And it turns out that 5811 Julian is at the corner of Julian and Bolton—and that the house is literally three doors down (sorry) from another of those houses where someone I knew from college used to live. I grew up way the hell out near 10th and Post, where nothing remotely interesting has ever taken place. But all of these people I used to hang out with in college grew up in Irvington, including the girl who used to live on Bolton, three doors down (sorry again) from the lot that used to be owned by a fellow who is now thought of as America’s first serial killer. The website Holmes in Irvington, the one maintained by the people who live on the lot, indicates that as of March 2011, they were thinking of selling their house and moving on. I don’t know if I could sell my own house and move into that one—nor that it would be good idea to try, especially considering the roughly ten grand we’ve dropped on fixing up the house we currently live in—but man, does the idea of living on haunted land strike a chord with the overactive imagination that led me down the path of letters.
And wouldn’t you know that this story has an epilogue? The day after election day last week was very windy, and it got progressively colder as the day went on; and by the time I was ready to go out on my usual Wednesday walk with Jackson, it was not only windy and cold, but also a little bit rainy—not really rainy, but that fine sort of mist doesn’t give you enough cause to open your umbrella, but winds up getting you wet, eventually, anyway. It was an unpleasant day to be out in the world, at least with people who aren’t hardy enough to stand up very well to such things. Four-year-olds are not very hardy when it comes to cold, wet, windy weather; but I was too much in the mindset for a walk, even if it was going to have be a short one—and that’s what it wound up being, just a quick jaunt out to the coffee shop and then an even quicker nip past that Holmes house/lot one more time.
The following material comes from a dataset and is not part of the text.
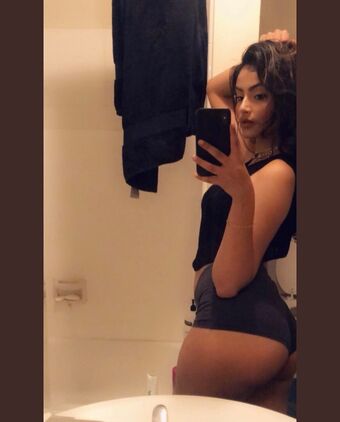 Prettypreet Naakte Lekken OnlyFans Foto 16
Nothing at all creative came to me that second time I walked past it, but I had had an idea for the title of my NaNoWriMo project the day before, after we had walked by it and I had started thinking about how close it was to a house I had actually been inside of once or twice before (and maybe that my wife had too, since she was good friends with the person who used to live there when they were in high school together), and about all of the other things in Irvington that are either haunted or are reputed to be. The unexpected Tuesday walk wasn’t just a good walk for a Tuesday, it was a good walk, period; and I had almost passed on it, because we never go for walks on Tuesdays.
Next: An actual post about how National Novel Writing Month is going for me this year, and hopefully some pictures of Jackson. I got the big idea to separate all of the Jackson pictures from the non-Jackson pictures, and then label and categorize the non-Jackson pictures, mostly so I have an idea of what Irvington things I have photographed, so that I can go back and look at those things for reference, if I need to.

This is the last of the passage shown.